Aujourd'hui l'engouement des consommateurs pour le bio est indéniable (90 % des français estiment que les produits bio contribuent à préserver l'environnement, et près d'un Français sur deux consomme des produits biologiques au moins une fois par mois) et ce marché bénéficie d'une quantité grandissante de labels en tous genres.
Les deux principaux sont le label Bio Européen (aussi appelé « eurofeuille ») et le label AB. Le premier, référence de l'Union Européenne, est obligatoire depuis le 1er juillet 2010 sur les étiquetages des produits alimentaires bio préemballés et facultatif pour les produits importés.
Le second quant à lui est la propriété de ministères français (alimentation, agriculture et pêche) ; son cahier des charges s'est aligné sur celui du label Bio Européen depuis le 1er janvier 2009.
Ces deux labels publics garantissent qu'au moins 95% du produit certifié répond aux exigences du cahier des charges du mode de production biologique : absence totale d'OGM, rotation des cultures, pratiques d'élevage adaptées aux différentes espèces animales, utilisation prioritaire des ressources de la ferme et limitation de l'utilisation des produits dits phytosanitaires,...
Face à ces deux références du marché des produits biologiques, d'autres organismes de certification ont vu le jour et comportent chacun à leur manière des spécificités propres, comme c'est le cas pour les quatre labels suivants :


- Ecocert : organisme de contrôle et certification privé intervenant principalement dans l'agriculture biologique, il garantit notamment la conformité aux labels Bio Européen et AB. De plus Ecocert apporte la garantie que les produits finis n'ont pas fait l'objet d'expérimentation animale.
- Demeter : organisme international privé qui certifie la pratique d'une agriculture biodynamique (se décline en label Biodyvin pour la filière vinicole).
- Nature et progrès : label associatif et privé dont la certification s'appuie sur le critère 100% bio de la production.
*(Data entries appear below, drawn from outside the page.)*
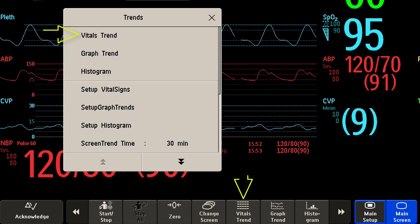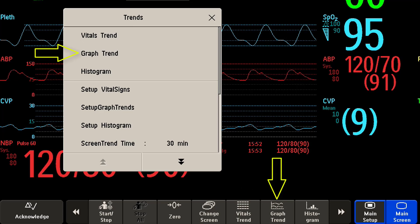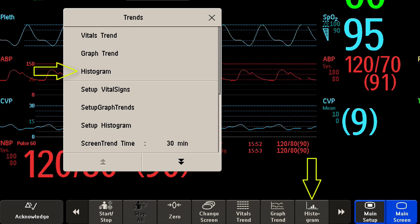There is a smart key to view a tabular trend called vitals trend, a smart key to display a graphical trend called graph trend, and there may also be a smart key to view histogram trends.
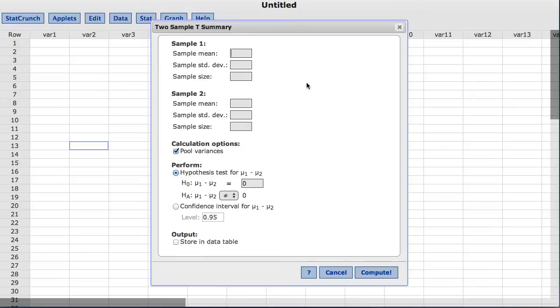Under sample one, I am going to enter 2,842 for the mean, 831 for the sample standard deviation, and the sample size is 15.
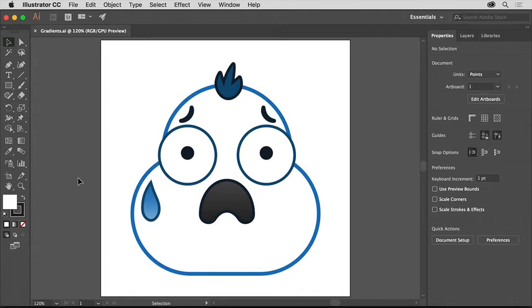There are so many ways to be creative with color in Illustrator, including applying gradients to your artwork. A gradient is a blend between two or more colors, like you see in this shape.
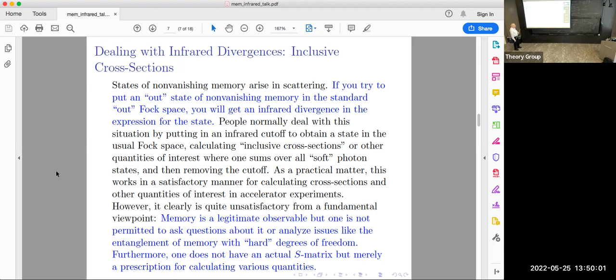This is really quite unsatisfactory from a fundamental viewpoint, for two reasons. One is that there are really legitimate degrees of freedom in memory — it's a legitimate observable that can and does get entangled with hard degrees of freedom. Even if you're only interested in hard degrees of freedom, there are coherence issues arising from the presence of memory that should be properly dealt with, which you can't do if you throw away memory by putting in a cutoff at the first step of your calculation.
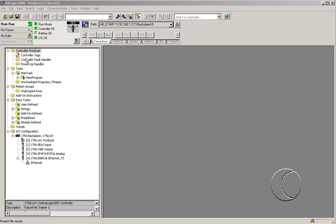Hello, Peter Detmer, Madison College instructor for automated manufacturing. Today I'm going to demonstrate how you can change the IP address on a 1756 ENBT Ethernet IP card on a ControlLogix platform.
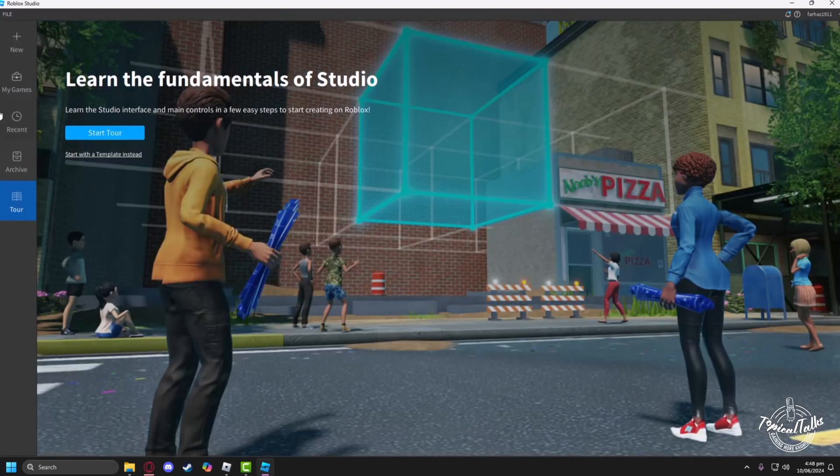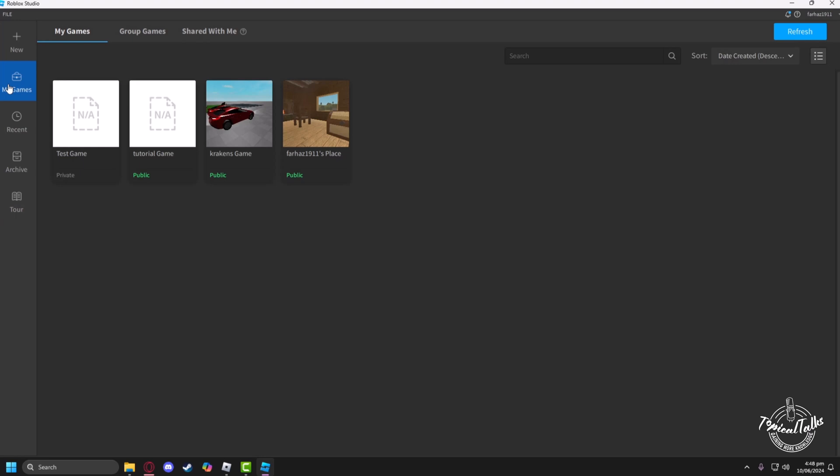I have to head to My Games, then choose the game you want to revert update. So I'll select this game.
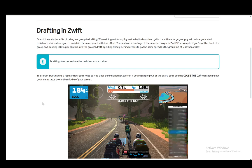Drafting is a phenomenon in the real world for actual cyclists, as it is for your avatar in Zwift. Drafting pretty much means decreasing your wind resistance by riding behind another rider. When you ride really close behind another rider, their wind resistance due to aerodynamics will take over for you, and you will experience less wind resistance.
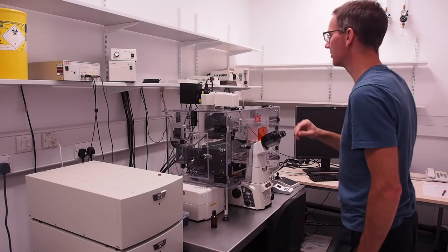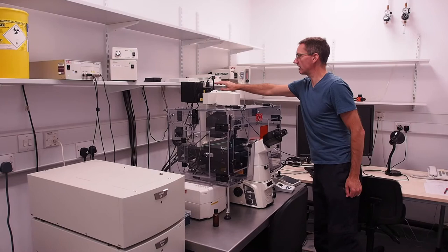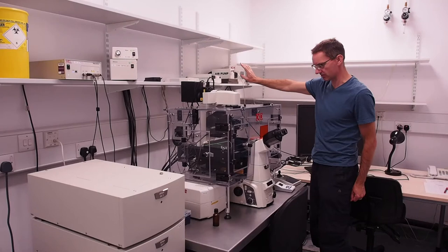On the same shelf switch on the power for the camera if you're using the system in wide field mode. To the right of this are the controller units for running the incubator, we won't be using these.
L'intérêt de ce label est qu'on peut le retrouver sur des catégories de produits non couvertes par les labels publics tels que des produits ménagers et cosmétiques, des sels marins et fertilisants...
- Bio-cohérence : créé en 2011, ce label reprend les exigences du cahier des charges du label européen en y ajoutant des mesures bien plus rigoureuses (absence totale d'OGM obligatoire par exemple)
- D'autres labels bio : O.F.C. (marque AQIS), U.S.D.A., Bio Equitable, Biogarantie,...

La prolifération des labels bio apporte donc un choix plus large, même s'il convient de connaître leurs particularités. Bio-cohérence, récemment apparu semble être l'un des plus rigoureux.
Nous reviendrons en seconde partie de cet article sur les dérives, les paradoxes ainsi que la nécessité de s'interroger perpétuellement sur son/ses achat(s) bio.
Selon le baromètre Ethicity 2011, 61 % des français pensent qu'il y a trop de labels contre 65% en 2009. Dans le même temps, ils sont 77 % à demander plus de transparence sur les conditions de fabrication des produits.